[Items from a data source]
****************
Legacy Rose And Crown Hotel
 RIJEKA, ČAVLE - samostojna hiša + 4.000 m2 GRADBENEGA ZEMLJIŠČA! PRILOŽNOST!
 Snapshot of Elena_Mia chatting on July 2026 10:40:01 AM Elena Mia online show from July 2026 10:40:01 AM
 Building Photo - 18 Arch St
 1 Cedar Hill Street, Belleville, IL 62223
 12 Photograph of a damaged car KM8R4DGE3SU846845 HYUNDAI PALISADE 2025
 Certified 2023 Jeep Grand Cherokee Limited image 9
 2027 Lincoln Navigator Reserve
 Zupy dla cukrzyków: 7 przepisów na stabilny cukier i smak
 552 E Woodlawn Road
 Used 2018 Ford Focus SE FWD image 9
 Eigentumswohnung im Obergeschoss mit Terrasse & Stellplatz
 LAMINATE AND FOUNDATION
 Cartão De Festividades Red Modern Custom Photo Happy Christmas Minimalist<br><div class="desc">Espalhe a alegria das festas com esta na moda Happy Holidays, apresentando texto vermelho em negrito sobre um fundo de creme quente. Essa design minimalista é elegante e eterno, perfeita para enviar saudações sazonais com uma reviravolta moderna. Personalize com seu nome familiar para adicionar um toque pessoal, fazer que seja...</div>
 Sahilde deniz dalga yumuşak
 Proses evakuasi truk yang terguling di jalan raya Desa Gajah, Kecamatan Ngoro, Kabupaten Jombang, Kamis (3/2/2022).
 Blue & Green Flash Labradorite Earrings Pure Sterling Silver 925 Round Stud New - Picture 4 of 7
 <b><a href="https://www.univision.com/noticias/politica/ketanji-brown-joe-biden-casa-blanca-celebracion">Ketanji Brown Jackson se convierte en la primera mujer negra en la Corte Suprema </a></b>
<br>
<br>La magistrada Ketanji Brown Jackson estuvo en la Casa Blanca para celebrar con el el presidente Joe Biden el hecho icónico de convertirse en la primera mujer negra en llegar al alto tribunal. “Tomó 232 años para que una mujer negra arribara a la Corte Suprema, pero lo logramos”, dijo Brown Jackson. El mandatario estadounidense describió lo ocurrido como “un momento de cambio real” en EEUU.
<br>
****************
EXERCISE DETAILS ▸ What is needed here is an exact copy of all the entries.

ANSWER AREA ▸
Legacy Rose And Crown Hotel
 RIJEKA, ČAVLE - samostojna hiša + 4.000 m2 GRADBENEGA ZEMLJIŠČA! PRILOŽNOST!
 Snapshot of Elena_Mia chatting on July 2026 10:40:01 AM Elena Mia online show from July 2026 10:40:01 AM
 Building Photo - 18 Arch St
 1 Cedar Hill Street, Belleville, IL 62223
 12 Photograph of a damaged car KM8R4DGE3SU846845 HYUNDAI PALISADE 2025
 Certified 2023 Jeep Grand Cherokee Limited image 9
 2027 Lincoln Navigator Reserve
 Zupy dla cukrzyków: 7 przepisów na stabilny cukier i smak
 552 E Woodlawn Road
 Used 2018 Ford Focus SE FWD image 9
 Eigentumswohnung im Obergeschoss mit Terrasse & Stellplatz
 LAMINATE AND FOUNDATION
 Cartão De Festividades Red Modern Custom Photo Happy Christmas Minimalist<br><div class="desc">Espalhe a alegria das festas com esta na moda Happy Holidays, apresentando texto vermelho em negrito sobre um fundo de creme quente. Essa design minimalista é elegante e eterno, perfeita para enviar saudações sazonais com uma reviravolta moderna. Personalize com seu nome familiar para adicionar um toque pessoal, fazer que seja...</div>
 Sahilde deniz dalga yumuşak
 Proses evakuasi truk yang terguling di jalan raya Desa Gajah, Kecamatan Ngoro, Kabupaten Jombang, Kamis (3/2/2022).
 Blue & Green Flash Labradorite Earrings Pure Sterling Silver 925 Round Stud New - Picture 4 of 7
 <b><a href="https://www.univision.com/noticias/politica/ketanji-brown-joe-biden-casa-blanca-celebracion">Ketanji Brown Jackson se convierte en la primera mujer negra en la Corte Suprema </a></b>
<br>
<br>La magistrada Ketanji Brown Jackson estuvo en la Casa Blanca para celebrar con el el presidente Joe Biden el hecho icónico de convertirse en la primera mujer negra en llegar al alto tribunal. “Tomó 232 años para que una mujer negra arribara a la Corte Suprema, pero lo logramos”, dijo Brown Jackson. El mandatario estadounidense describió lo ocurrido como “un momento de cambio real” en EEUU.
<br>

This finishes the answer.